Jones v. City of Albuquerque

Decision Date10 May 2018
Docket NumberNo. A-1-CA-35120,A-1-CA-35120
PartiesANDREW JONES, Plaintiff-Appellant, v. THE CITY OF ALBUQUERQUE POLICE DEPARTMENT and THE DEPARTMENT OF PUBLIC SAFETY OF THE STATE OF NEW MEXICO, Defendants-Appellees.
CourtCourt of Appeals of New Mexico

This memorandum opinion was not selected for publication in the New Mexico Appellate Reports. Please see Rule 12-405 NMRA for restrictions on the citation of unpublished memorandum opinions. Please also note that this electronic memorandum opinion may contain computer-generated errors or other deviations from the official paper version filed by the Court of Appeals and does not include the filing date.
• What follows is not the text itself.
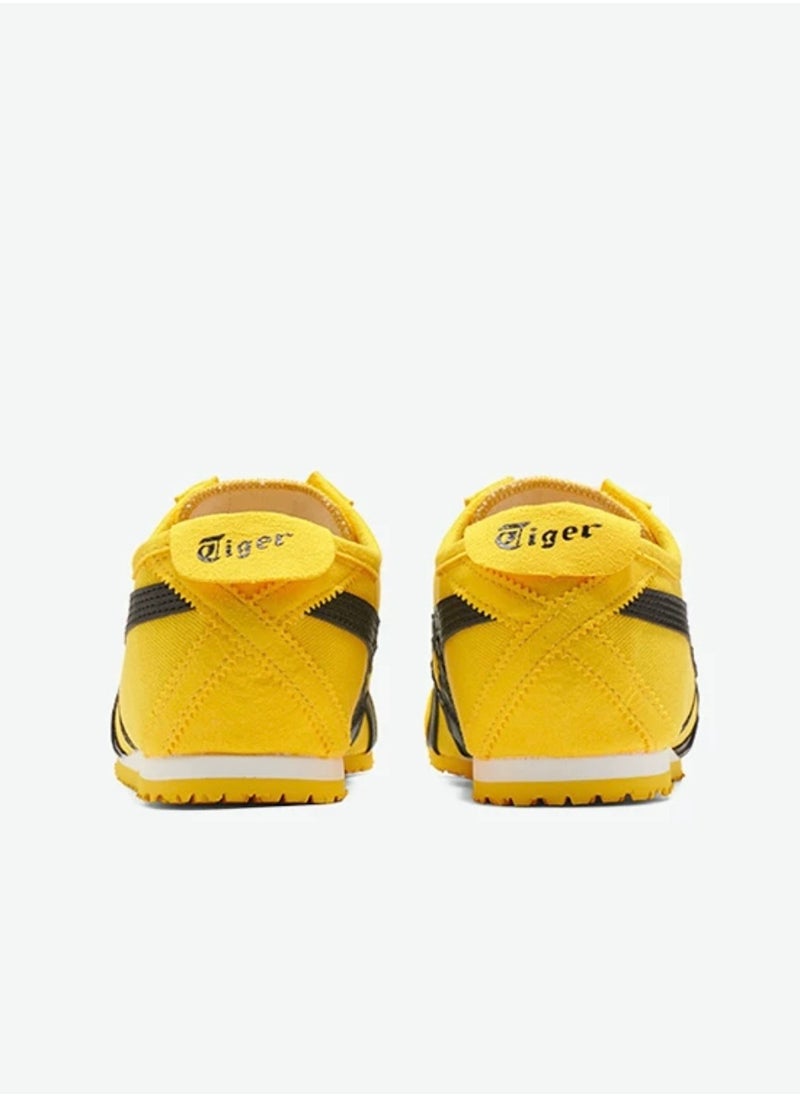 Onitsuka Tiger - MEXICO 66 Slip-On Canvas Casual Shoes Yellow/Black - Image 1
APPEAL FROM THE DISTRICT COURT OF BERNALILLO COUNTY

Denise Barela-Shepherd, District Judge

Kennedy, Kennedy & Ives, LLC

Adam C. Flores

Joseph P. Kennedy

Shannon L. Kennedy

Laura Schauer Ives

Albuquerque, NM

for Appellant

Doughty, Alcaraz & deGraauw, P.A.

Robert M. Doughty, III

Jeffrey M. Mitchell

Albuquerque, NM

for Appellee New Mexico Department of Public Safety

MEMORANDUM OPINION

VIGIL, Judge.

{1} Plaintiff Andrew Jones appeals the trial court's order granting the New Mexico Department of Public Safety's (DPS) motion for summary judgment, under the Inspection of Public Records Act (IPRA), NMSA 1978, §§ 14-2-1 to -12 (1947, as amended through 2013). For the reasons that follow, we affirm. Because this is a memorandum opinion and the parties are familiar with the facts and procedural posture of the case, we set forth only such facts and law as are necessary to decide the merits.

BACKGROUND

{2} In the Sandia foothills near Albuquerque, New Mexico, James Boyd was shot and killed by gunshot wounds inflicted by Albuquerque Police Department Detective Keith Sandy, on March 16, 2014. On March 28, 2014, the Federal Bureau of Investigation (FBI) announced in a press release that it had opened an investigation into the death of James Boyd, and whether the shooting gave rise to civil rights violations.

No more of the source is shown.